This doesn’t even consider the trauma and hardships the animals face. Most reptiles die in captivity, mammals starve due to malnutrition and certain birds sometimes die due to a lack of social interaction with members of their own species. Clearly, owning exotic animals is unnatural and in nearly all cases is detrimental to either guardian or animal. Additionally, according to PETA, animal wildlife trafficking is the third most lucrative criminal trade after arms dealing and drug smuggling.
Panjo the tiger at home. A big house cat – but with more tigers in captivity in the wild than in the wild, is this the possible future of these exotic cats?
A famous example of exotic animal ownership gone wrong occurred in South Africa during 2010, when a tiger named Panjo escaped from his owner’s bakkie in the Mpumalanga province, setting off a two-day, region-wide search for the missing big cat. The public was gripped by the fear that the next stray shadow they saw crossing the road at the dead of night might indeed be a hungry, 140 kilogramme Bengal tiger. Upon his recapture, owner Goosey Fernandes said Panjo was harmless and should be treated “like a dog”. Why then did Fernandes not keep a dog, if his Bengal tiger, which is a critically endangered species, was effectively reduced from a lethal hunter to a compliant canine?

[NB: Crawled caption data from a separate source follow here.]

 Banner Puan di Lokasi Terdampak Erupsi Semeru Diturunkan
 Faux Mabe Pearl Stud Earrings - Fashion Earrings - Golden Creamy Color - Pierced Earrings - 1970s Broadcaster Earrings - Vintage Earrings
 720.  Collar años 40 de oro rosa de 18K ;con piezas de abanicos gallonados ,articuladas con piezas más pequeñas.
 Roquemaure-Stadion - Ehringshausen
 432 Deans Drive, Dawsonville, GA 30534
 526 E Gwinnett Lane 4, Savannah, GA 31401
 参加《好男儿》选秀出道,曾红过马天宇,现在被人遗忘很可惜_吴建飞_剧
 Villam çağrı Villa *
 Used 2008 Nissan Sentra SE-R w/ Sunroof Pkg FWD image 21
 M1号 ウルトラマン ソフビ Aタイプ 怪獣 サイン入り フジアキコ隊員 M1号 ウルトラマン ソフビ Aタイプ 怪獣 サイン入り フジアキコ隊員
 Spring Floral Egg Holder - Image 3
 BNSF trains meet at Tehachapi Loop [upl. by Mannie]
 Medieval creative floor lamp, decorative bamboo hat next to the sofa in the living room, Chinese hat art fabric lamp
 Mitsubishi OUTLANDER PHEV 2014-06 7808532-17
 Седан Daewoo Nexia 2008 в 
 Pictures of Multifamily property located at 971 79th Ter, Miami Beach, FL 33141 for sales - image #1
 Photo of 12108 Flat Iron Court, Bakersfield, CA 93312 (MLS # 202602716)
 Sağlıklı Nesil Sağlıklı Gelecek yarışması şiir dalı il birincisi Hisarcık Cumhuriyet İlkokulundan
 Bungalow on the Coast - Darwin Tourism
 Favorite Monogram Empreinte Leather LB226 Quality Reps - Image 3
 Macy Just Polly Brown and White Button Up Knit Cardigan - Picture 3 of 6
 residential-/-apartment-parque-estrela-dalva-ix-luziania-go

Keeping an animal alive is better than killing them in most circumstances. Yet what is the point of wild animals being forced to live as pets? There are more captive or pet tigers than wild tigers left in the world. What has become of the evil Shere Khan, the baddie in the Rudyard Kipling’s, The Jungle Book, who struck the fear of God into our childhoods?
These images of Shere Khan from The Jungle Book gave me goosebumps. But the image of these majestic cats seems to have changed from frightening beasts to valuable trophies to fascinating exotic pets.
Cites agreeing to allow Southern African nations Namibia, South Africa, Botswana and Zimbabwe to sell off their ivory in once-off auctions to Japan in 1999, and again to Japan and China in 2008, may have been the catalyst in the recent spike in ivory poaching and seizures of illegal ivory.
This auction broke the zero tolerance trade embargo on ivory that Cites had put in place in 1990, leaving ivory traders and buyers “unaware” of the legality surrounding the trade. Unscrupulous traders, with the help of corrupt officials, can blur the lines of legal and illegal ivory. National Geographic’s article in 2012 claims that at least 25000 elephants were illegally killed last year. This id based on the reported number of elephants killed that have been found by officials, as well as being calculated on the amount of ivory that has been confiscated. The figure thus does not take into account the un-confiscated ivory or elephant corpses that were never recovered. In effect the number of dead elephants could be much higher. Also worrying is the manner in which the elephants have been killed.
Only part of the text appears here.